Plaintiff contends that the ALJ’s decision should be reversed and/or remanded because the ALJ:

*373 1. Failed to accord the proper weight to his treating physician’s opinion;
2. Erred in finding that plaintiffs impairments do not meet or equal a listed impairment;
3. Failed to accord proper weight to the plaintiffs subjective complaints concerning his functional limitations;
4. Failed to adequately describe the type of work plaintiff is capable of performing; and
5. Improperly relied on the medical/vocational guidelines.

IV. DISCUSSION

A. Standard of Review

A court’s review of the Commissioner’s final decision is limited to determining whether there is substantial evidence in the record to support such decision. Rivera v. Sullivan, 923 F.2d 964, 967 (2d Cir.1991). Substantial evidence is “such relevant evidence as a reasonable person might accept as adequate to support a conclusion.” Id. (quoting Richardson v. Perales, 402 U.S. 389, 401, 91 S.Ct. 1420, 28 L.Ed.2d 842 (1971)). It must be “more than a mere scintilla” of evidence scattered throughout the administrative record. Richardson, 402 U.S. at 401, 91 S.Ct. 1420. “To determine on appeal whether an ALJ’s findings are supported by substantial evidence, a reviewing court considers the whole record, examining the evidence from both sides, because an analysis of the substantiality of the evidence must also include that which detracts from its weight.” Williams v. Bowen, 859 F.2d 255, 258 (2d Cir.1988) (citing Universal Camera Corp. v. NLRB, 340 U.S. 474, 488, 71 S.Ct. 456, 95 L.Ed. 456 (1951); Mongeur v. Heckler, 722 F.2d 1033, 1038 (2d Cir.1983)). However, a reviewing court must not substitute its interpretation of the administrative record so long as there exists substantial support for the decision in the record. Williams, 859 F.2d at 258.
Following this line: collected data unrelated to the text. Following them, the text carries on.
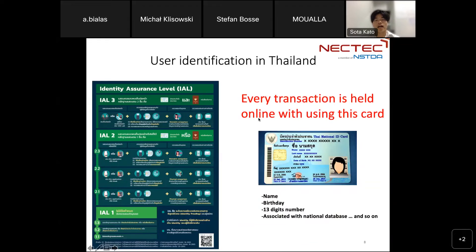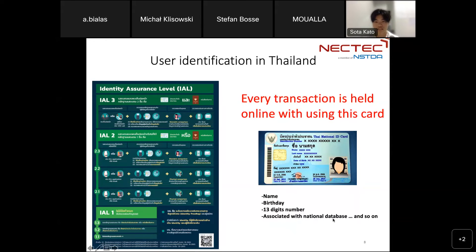Next, I will explain the authentication method in Taiwan. The Taiwan process is very simple. The government decided that the identity assurance level depends on the situation, and people can prepare by themselves. Taiwan people have a mandatory identification card. This card describes name, birthday, and a 13-digit number for identification, associated with the national database and so on. Every transaction is held online using this card.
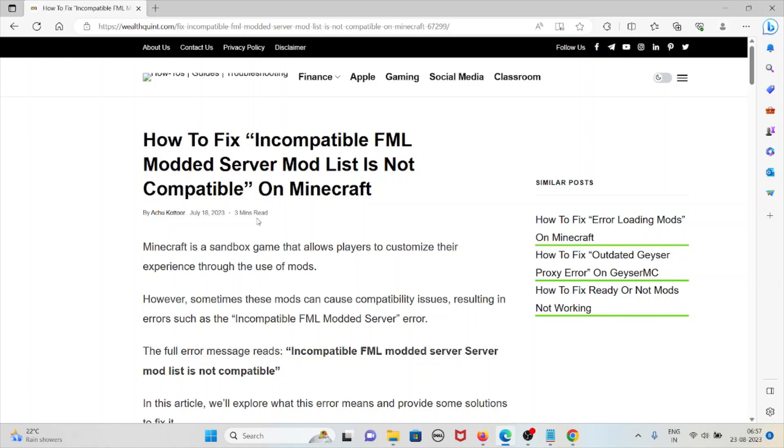Hi, let's see how to fix incompatible FML modded server mod list is not compatible on Minecraft.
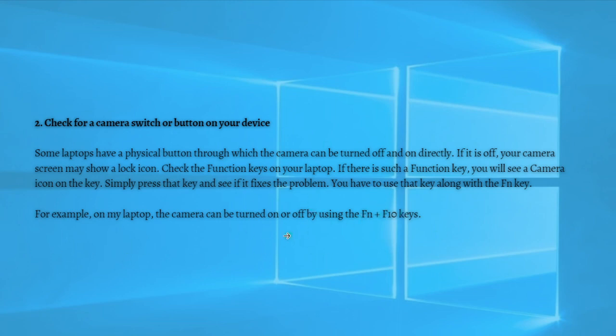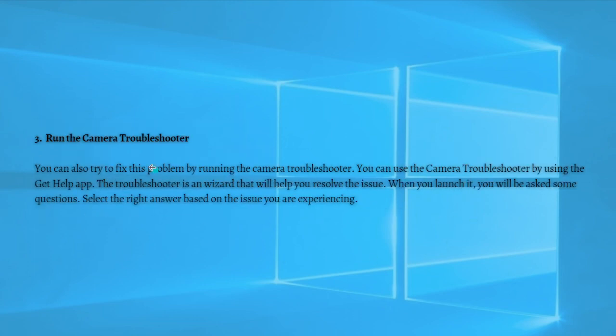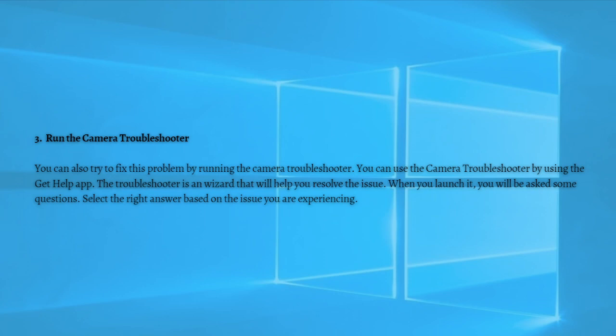If the problem still persists, what you can do here lastly is to run the camera troubleshooter. You can also fix this problem by running the camera troubleshooter using the Get Help app. The troubleshooter is a wizard that will help you resolve the issue. When you launch it, you will be asked some questions. Select the right answer based on the issue you are experiencing, and after doing so, your problem should be fixed.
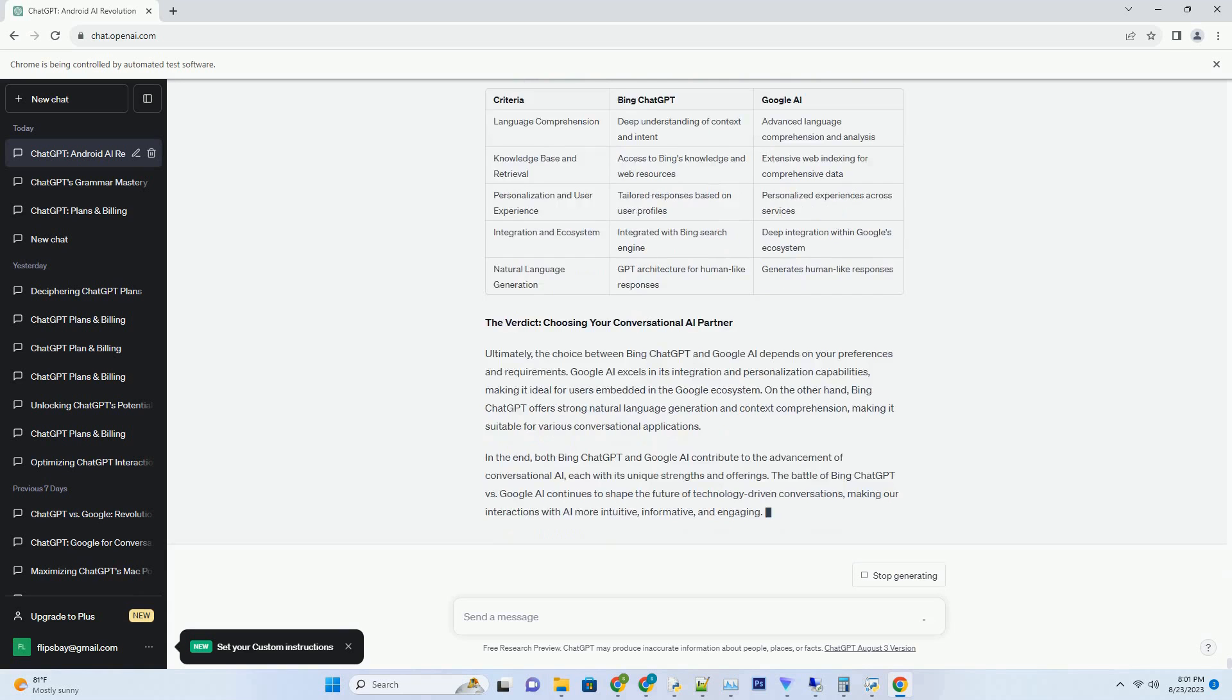Case Studies: AI Integration Without Job Elimination. 1. Customer Service and Chatbots. Rather than replacing customer service representatives, AI-powered chatbots enhance their efficiency by handling routine inquiries, freeing up human agents for complex interactions.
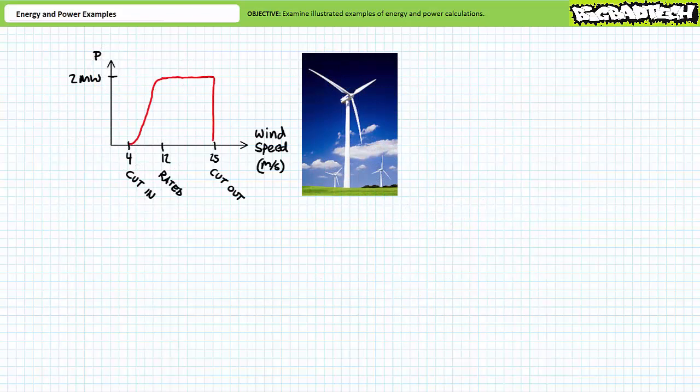Power need not be constant nor linear. Consider the power curve for an industrial wind turbine — a graph of power output at different wind speeds. This example assumes the wind turbine has a nameplate rating of two megawatts. A power curve is defined by three points: the cut-in wind speed, the rated speed, and the cut-out speed. The cut-in speed, typically around four meters per second, is when the turbine starts producing power. At the rated speed, typically around 12 meters per second, the turbine generates its nominal two megawatt value. Between rated and cut-out speed, power flatlines at the nominal value. At the cut-out speed, typically around 25 meters per second, the turbine shuts down to prevent mechanical damage.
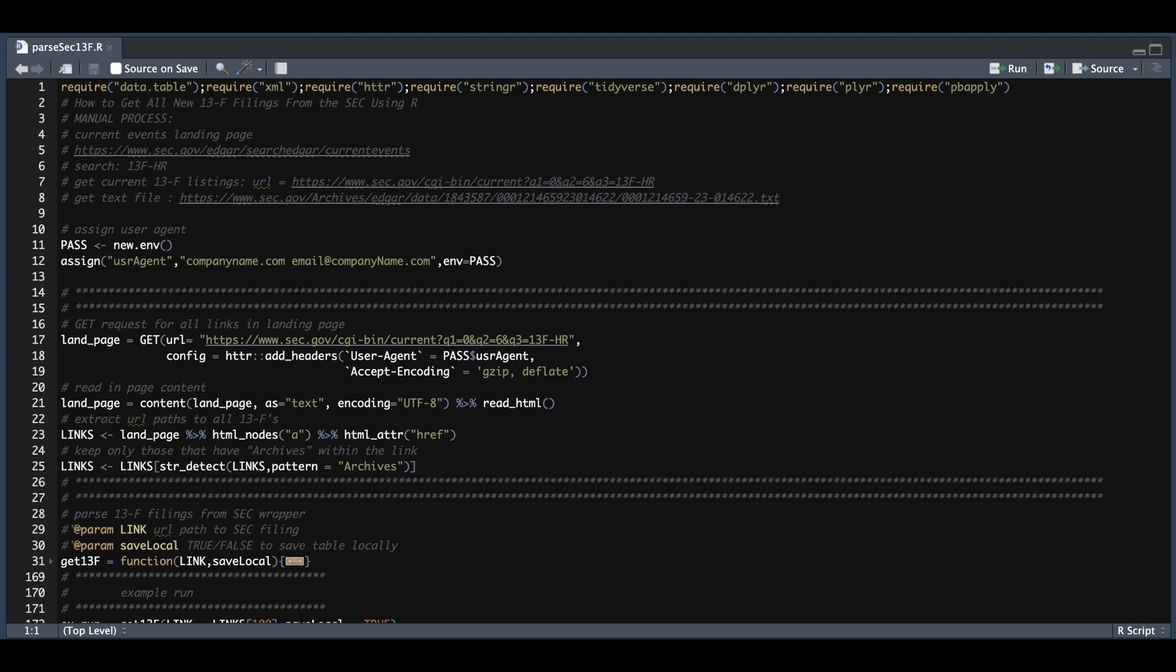Hey guys, welcome back to the channel. In this video, I'm going to be showing you guys how to get 13F forms directly from the SEC into R.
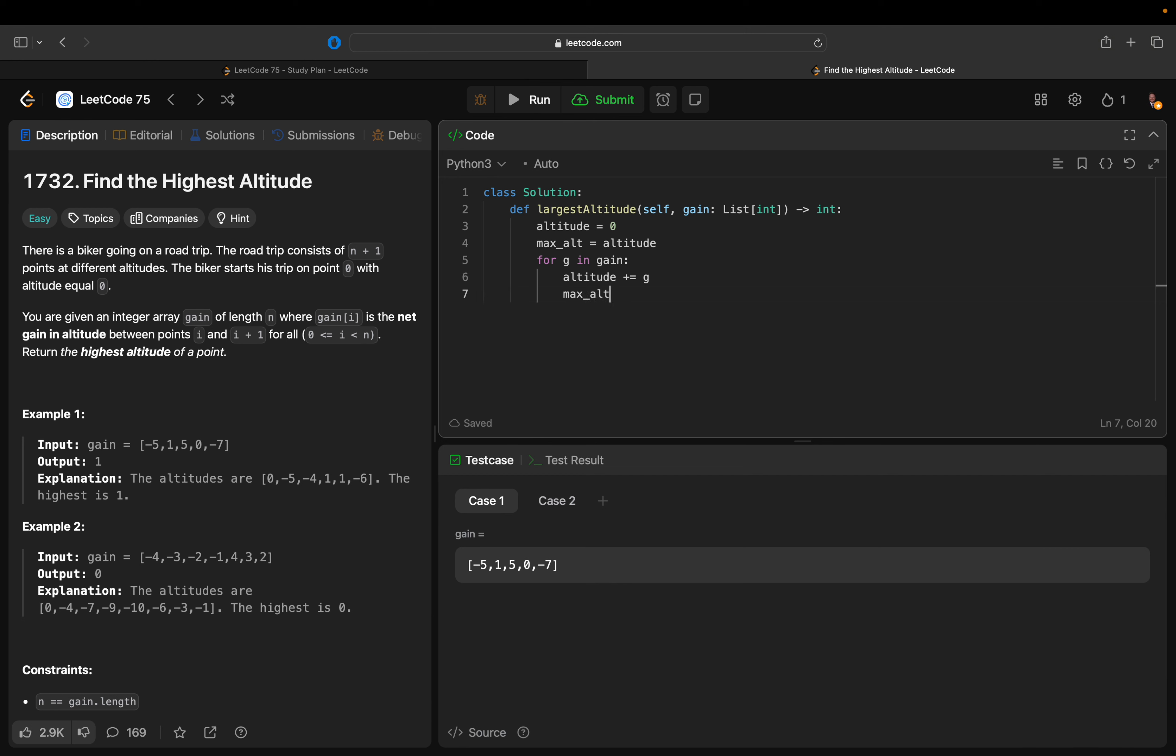Sorry, max_alt equals max of max_alt, altitude, and then just return max_alt.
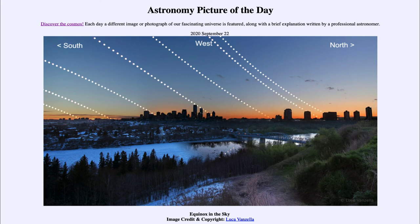You have to go pretty far north to see that — the northern tip of Alaska, very northern Canada, and very northern Scandinavia are places that would see the midnight sun during the summer, and would also see days where the sun would never get above the horizon in the winter. So if you're far enough north or south, those are things that you can see.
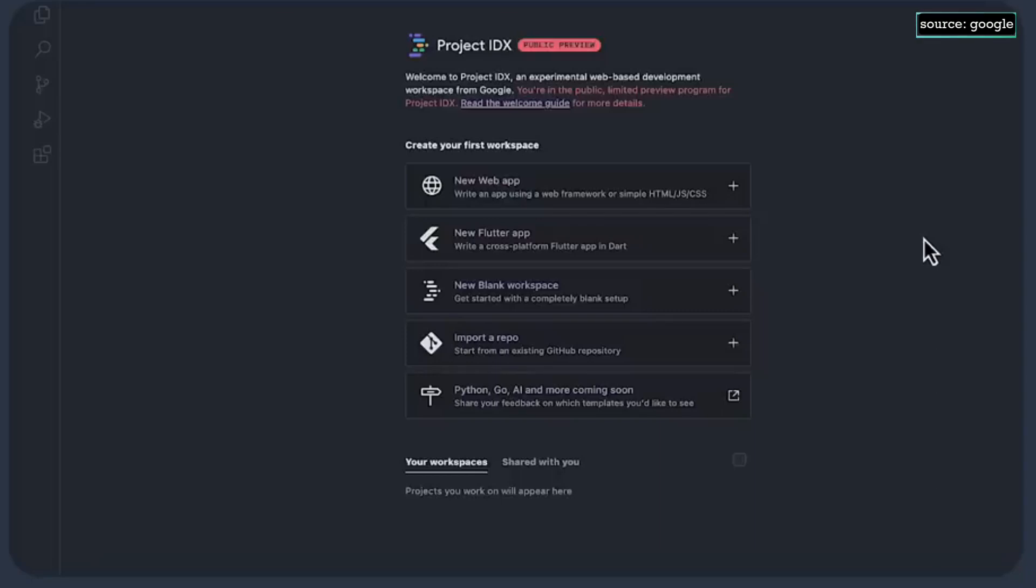This is the home page for Project IDX. You might be thinking that this looks familiar, and that's because Project IDX is based on Code OSS.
Additionally, the scope of review involves determining both whether the Commissioner has applied the correct legal standard and whether the determination is supported by substantial evidence. Johnson v. Bowen, 817 F.2d 983, 985 (2d Cir.1987). Thus, where there is a reasonable basis for doubting whether the Commissioner applied the appropriate legal standards, even if the ultimate decision may be arguable supported by substantial evidence, the Commissioner’s decision may not be affirmed. Id. at 986.

The court has authority to reverse with or without remand. 42 U.S.C. § 405(g). Remand is appropriate where there are gaps in the record or further development of the evidence is needed. See Parker v. Harris, 626 F.2d 225, 235 (2d Cir.1980); Marcus v. Califano, 615 F.2d 23 (2d Cir.1979) (remanded for reconsideration under standard that subjective evidence of disabling pain, if credited, may support a finding of disability); Cutler v. Weinberger, 516 F.2d 1282 (2d Cir.1975). Reversal is appropriate, however, when there is “persuasive proof of disability” in the record and remand for further evidentiary development would not serve any purpose. Parker, 626 F.2d at 235; Simmons v. United States R.R. Retirement Bd., 982 F.2d 49, 57 (2d Cir.1992); Carroll v. Secretary of Health & Human Servs., 705 F.2d 638, 644 (2d Cir.1983) (reversal without remand for additional evidence particularly appropriate where payment of benefits already delayed for four years; remand would likely result in further lengthening the “painfully slow process” of determining disability).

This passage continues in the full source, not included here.